Figure 8: gPCR analysis of lost and salvaged genes.
Figure 8

(a) Alignments of the DCC gene in the regions of primer design: exons 13, 17, 23 and 26. (bd) gPCR of duck, turkey, chicken, mouse and human samples. (b) gPCR for duck DCC exons 13, 17, 23 and 26 primer pairs indicated in (a). (c) gPCR of genes in Galliformes (TCF4, MBD2 and SMAD4) putatively salvaged from the original DCC containing locus. (d) gPCR of other genes missing in the Passeriforme zebra finch (POLI and MEX3C). (eg) gPCR of zebra finch, duck, mouse and human samples. (e) gPCR for duck DCC exons 13, 17, 23 and 26 primer pairs indicated in (a). (f) gPCR of genes (TCF4, MBD2 and SMAD4) putatively salvaged from the original DCC containing locus of Passeriformes. (g) gPCR of other genes predicted to be missing in Galliformes (POLI and MEX3C).
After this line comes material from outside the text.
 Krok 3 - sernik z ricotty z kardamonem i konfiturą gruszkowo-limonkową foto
Replicates from at least 3 independent individuals/samples (7 for zebra finch) were analysed and repeated at least 3 times. One representative sample from each species is shown. The negative control indicated for each primer pair is a template free reaction.
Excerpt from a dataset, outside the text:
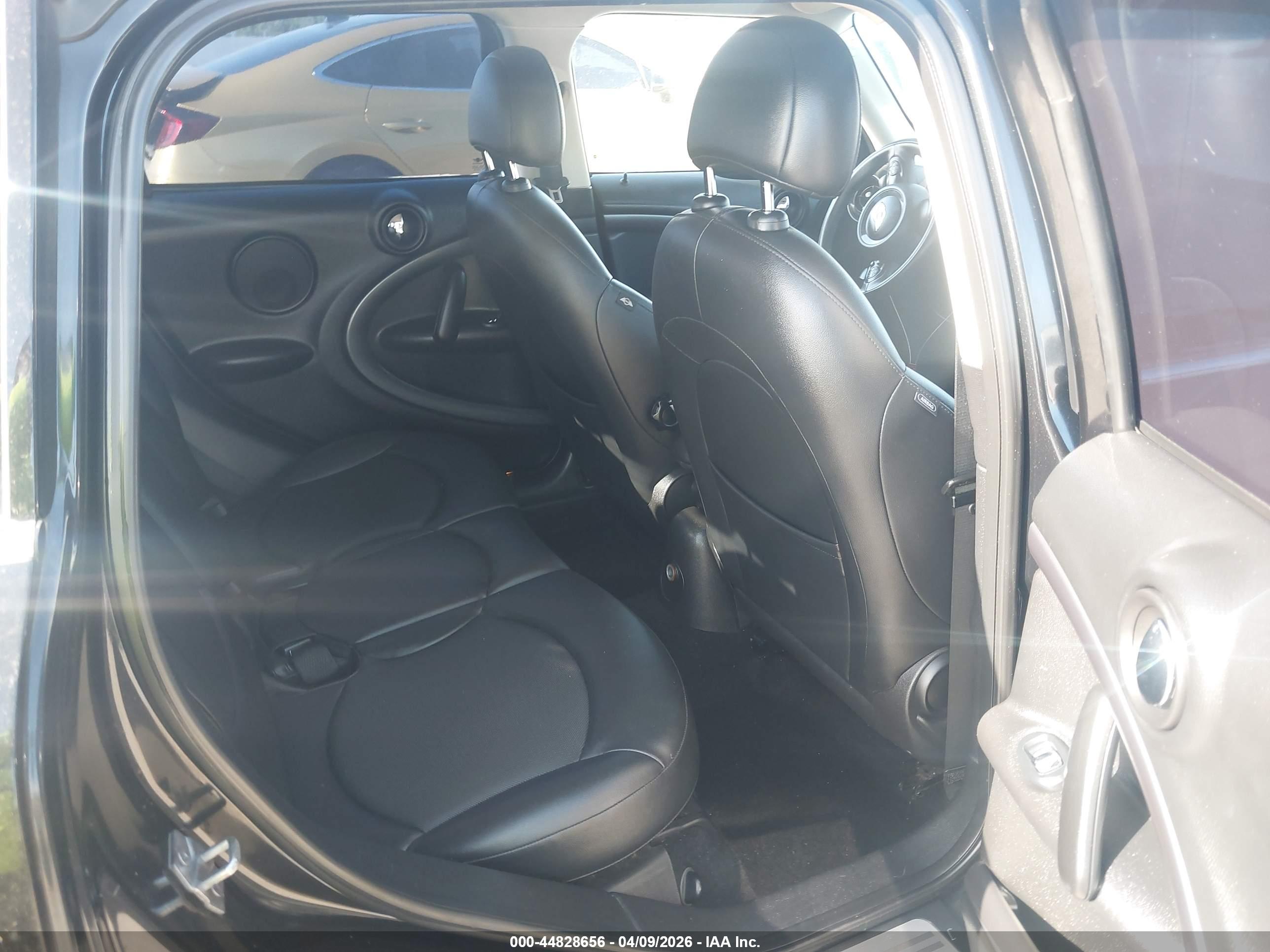 MINI COUNTRYMAN image 8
Salvaged genes in the disrupted locus of Galliformes and Passeriformes evolved faster

Since our previous data had identified a DCC gene in the Passeriforme crow, which was uncharacteristically diverged from other vertebrate DCC genes, we aimed to assess whether the disruption of the 17-gene locus in birds may have resulted in or coincided the salvaged genes from the region evolving at a faster rate. To test this idea, we next examined if the salvaged genes had undergone a changed rate of evolution compared with genes in this region where the locus was not disrupted. To approach this we generated a list of predicted sequences from genes of this region for all species examined and calculated the nucleotide substitution rate of these sequences (Figs 3 and 4, Supplementary File S1, Supplementary Data Set 1, Tables S1–S5). We observed that the salvaged genes, DYNAP, MBD2, ME2, SMAD4 and SKA1, in chicken, quail, turkey and guineafowl (Galliformes) had undergone a significantly higher rate of nucleotide substitution compared with orthologous genes in other bird species or genes that had been adjacent in the original locus (Fig. 9 and Supplementary Data Set 1, Tables S1, S2 and S5, Supplementary Data Set 2). In Passeriformes we also observed that the salvaged genes had a significantly higher nucleotide sequence substitution compared with orthologous genes in other bird species (Supplementary Data Set 1, Table S1). Of note we observed a generally higher rate nucleotide sequence substitution in Passeriformes compared with other species examined (Fig. 9, Supplementary Data Set 1, Tables S1, S3 and S5). Importantly, in the Passeriformes rifleman, manakin, crow and ground tit, the ‘atypical’ DCC gene was highly derived. This branch length data provides evidence that DCC in these species too had evolved at a significantly faster rate than the DCC genes in species where the locus stayed intact. Taken together, these data support the notion that genes salvaged from the disrupted locus had been relocated to genomic landscapes favouring higher evolutionary rates.

Figure 9: Genes salvaged from the original DCC locus are evolving at a faster rate than orthologs that remained at the original locus.
Figure 9

The graphs show the gene name on the x-axis with the original ostrich synteny preserved. On the y-axis is the rate of nucleotide substitution measured as the total branch length between the alligator/bird common ancestor and each particular species. (a) Galliformes, which have lost DCC, are indicated in colour; turkey (red ), chicken (blue ), quail (mustard ) and guinea fowl (blue circle ). Passeriformes are not shown on this graph. Other birds that retained the genes from the locus are shown in grey. The value for each gene/species is shown and is therefore a single data point meaning a standard error is not presented in the graph. (b) Passeriformes are indicated in colour; zebra finch (blue ), ground tit (red ), hooded crow (mustard ) and rifleman (blue circle ). Galliformes are not shown on this graph. Other birds are shown in grey. The lines between the data points do not represent an analysis of evolution rates between one data point and the next and are included as a visual anchor to follow the data points from individual species. The full dataset, including other Galliformes and Passeriformes and corresponding statistical analysis is shown in Tables S1–S5 (Supplementary Data Set 1). The curated predicted coding sequences used are shown in Supplementary Data Set 2.

Discussion

Here we demonstrated that the DCC containing locus was disrupted independently in different branches of birds. This resulted in species-specific genome change through apparent gene losses and by a faster evolution rate of genes salvaged from the disrupted locus. The DCC gene was not detected and therefore appeared to be lost independently in subsets of Galliformes and Passeriformes whereas DCC was present in other birds including duck. Moreover, spinal commissural axons appear to project in a similar way in mouse, duck, chicken and zebra finch embryos, despite the apparent loss of DCC in chicken and zebra finch.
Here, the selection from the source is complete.